Anak-anak selalu mengalami kesalahan selama proses belajar. Mereka terus mencoba hal-hal baru, karena rasa ingin tahu terhadap sesuatu yang menarik di sekitarnya. Mereka belum sepenuhnya memahami risiko yang ada. Belum menyadari bahaya yang mengancam. Dan seringkali belum mengerti dampak dari tingkah lakunya terhadap lingkungan sekitarnya.

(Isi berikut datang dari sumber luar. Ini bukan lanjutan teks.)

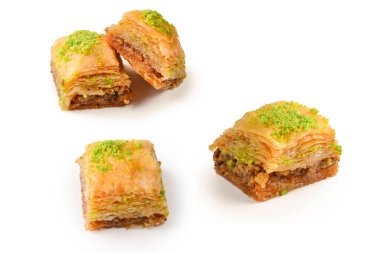 Beyaz arka planda fıstıklı baklava. Tatlı..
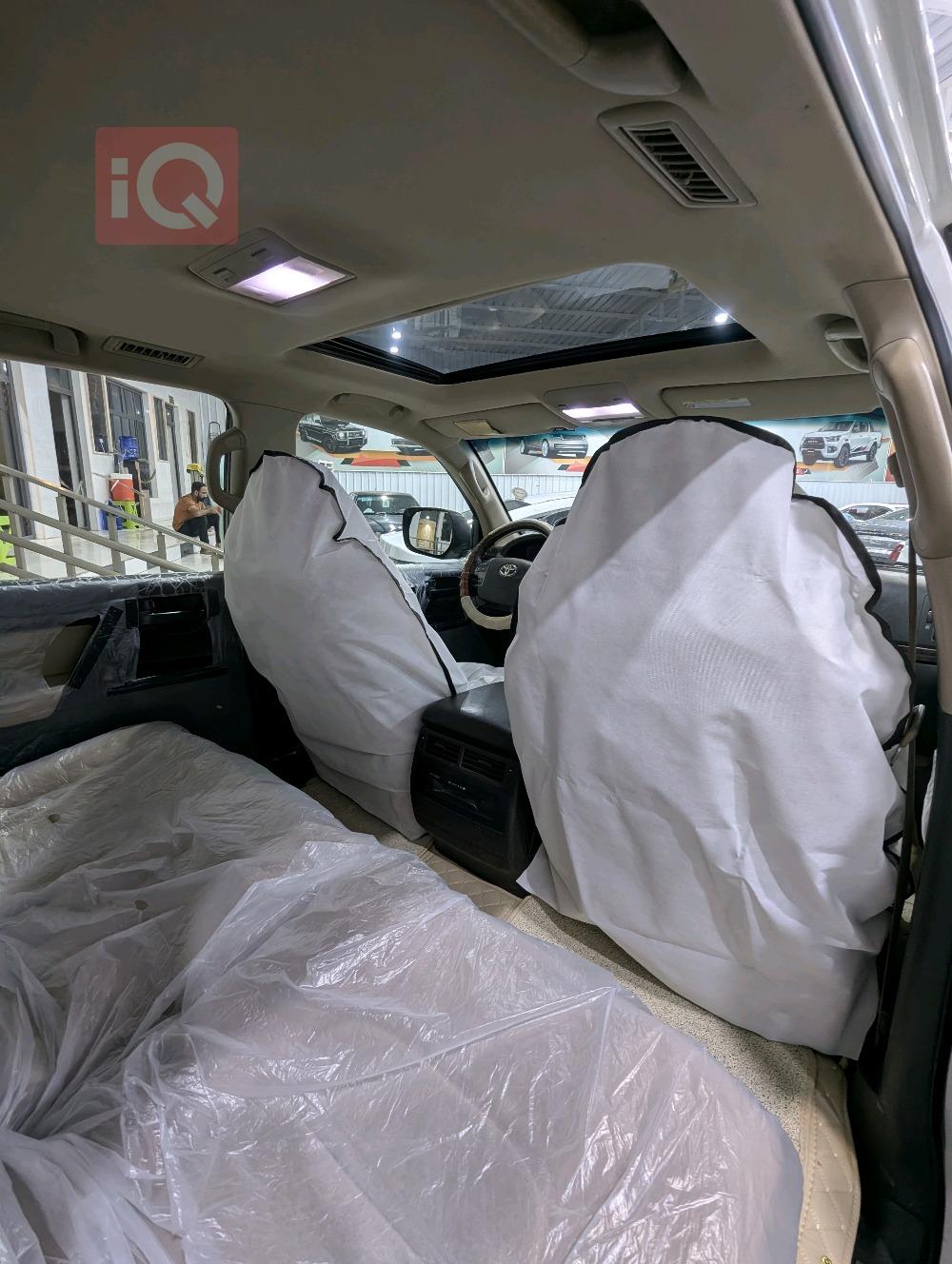 تۆیۆتا لاند کروزەر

Tidak heran jika anak-anak sering kali dianggap memiliki banyak kesalahan di mata orang tua. Karena orang tua sudah memahami apa yang lebih baik dan benar, meskipun terkadang hanya berdasarkan sudut pandang mereka sendiri. Rasa takut orang tua tidak selalu benar. Dan terlalu melindungi juga dapat menghambat pertumbuhan anak.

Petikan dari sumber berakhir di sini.